# What is this?



## windyridgebowman (Mar 6, 2014)

I can't figure out what this is, only had a small piece, and had it cut up before I realized it wasn't beech. It's hard, tight grained, the bark looks like dogwood, and is thin 1/4 inch or less.. It has a pinkish brown and yellow color. It's hard to see the end grain for the spalting.

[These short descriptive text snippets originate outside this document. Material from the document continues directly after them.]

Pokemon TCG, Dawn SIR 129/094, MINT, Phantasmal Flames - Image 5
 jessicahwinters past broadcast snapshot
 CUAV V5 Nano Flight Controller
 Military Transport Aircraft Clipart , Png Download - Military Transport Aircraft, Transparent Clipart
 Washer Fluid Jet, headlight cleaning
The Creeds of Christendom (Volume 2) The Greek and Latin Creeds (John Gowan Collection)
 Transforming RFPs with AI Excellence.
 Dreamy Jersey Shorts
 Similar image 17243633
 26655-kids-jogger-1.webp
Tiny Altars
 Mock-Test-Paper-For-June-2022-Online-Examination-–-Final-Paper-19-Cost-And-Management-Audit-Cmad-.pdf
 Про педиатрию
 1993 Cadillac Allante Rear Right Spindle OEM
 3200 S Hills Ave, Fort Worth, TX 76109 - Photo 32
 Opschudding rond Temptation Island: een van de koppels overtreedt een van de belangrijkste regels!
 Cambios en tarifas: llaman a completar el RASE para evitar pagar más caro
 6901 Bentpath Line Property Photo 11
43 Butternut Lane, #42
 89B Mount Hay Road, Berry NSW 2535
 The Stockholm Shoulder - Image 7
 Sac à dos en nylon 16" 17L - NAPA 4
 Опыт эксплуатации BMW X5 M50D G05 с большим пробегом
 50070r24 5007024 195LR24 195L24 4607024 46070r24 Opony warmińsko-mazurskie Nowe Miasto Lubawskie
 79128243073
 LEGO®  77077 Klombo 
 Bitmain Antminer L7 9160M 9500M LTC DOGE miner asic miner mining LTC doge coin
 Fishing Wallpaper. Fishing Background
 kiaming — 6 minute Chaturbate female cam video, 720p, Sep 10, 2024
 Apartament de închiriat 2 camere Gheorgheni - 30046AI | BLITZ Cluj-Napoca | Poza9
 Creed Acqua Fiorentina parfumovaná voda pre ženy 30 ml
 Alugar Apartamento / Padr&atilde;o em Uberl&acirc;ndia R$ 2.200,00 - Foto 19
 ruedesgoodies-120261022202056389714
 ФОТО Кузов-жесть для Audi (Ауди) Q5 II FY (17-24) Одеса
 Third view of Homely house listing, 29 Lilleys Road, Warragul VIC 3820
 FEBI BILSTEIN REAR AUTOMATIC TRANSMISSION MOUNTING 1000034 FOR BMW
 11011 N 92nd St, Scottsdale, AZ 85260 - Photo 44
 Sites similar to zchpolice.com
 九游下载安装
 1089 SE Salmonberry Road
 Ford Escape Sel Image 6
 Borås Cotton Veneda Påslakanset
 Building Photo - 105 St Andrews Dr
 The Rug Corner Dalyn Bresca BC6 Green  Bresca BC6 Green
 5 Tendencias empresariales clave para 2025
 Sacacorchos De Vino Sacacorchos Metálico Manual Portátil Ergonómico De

Reactions: Like 1 | EyeCandy! 1 | Way Cool 1


----------



## phinds (Mar 7, 2014)

Charles, ya got me. Could be any number of things. I hope someone will recognize the bark. The only thing I know about bark is that it's that stuff that keeps the trees from being naked.

Reactions: Like 1


----------



## Final Strut (Mar 7, 2014)

The wood looks a bit like some spalted sycamore I have. I have no idea what sycamore bark looks like though.


----------



## phinds (Mar 7, 2014)

I don't see any chance that this is sycamore. I don't know much about tree bark, but that doesn't look like sycamore (Although I've been fooled once before on older sycamore trees, when the bark looks different that what I'm used to).


----------



## Nate Bos (Mar 7, 2014)

The bark looks like it is probably a fruit tree, my guess is pear?


----------



## DRW (Mar 13, 2014)

I got some wood from a friend in TN that looked like this without the spalting, and it was from a plum tree.


----------



## LemonadeJay (Mar 14, 2014)

It looks like this spalted dogwood I put into the WB auction.


----------



## Blueglass (Mar 14, 2014)

I think it's called purty wood.


----------



## windyridgebowman (Apr 13, 2014)

I think dogwood is it, or it is. The bark matches up.


----------



## Molokai (Apr 13, 2014)

Probably fruit tree, apple maybe ?


----------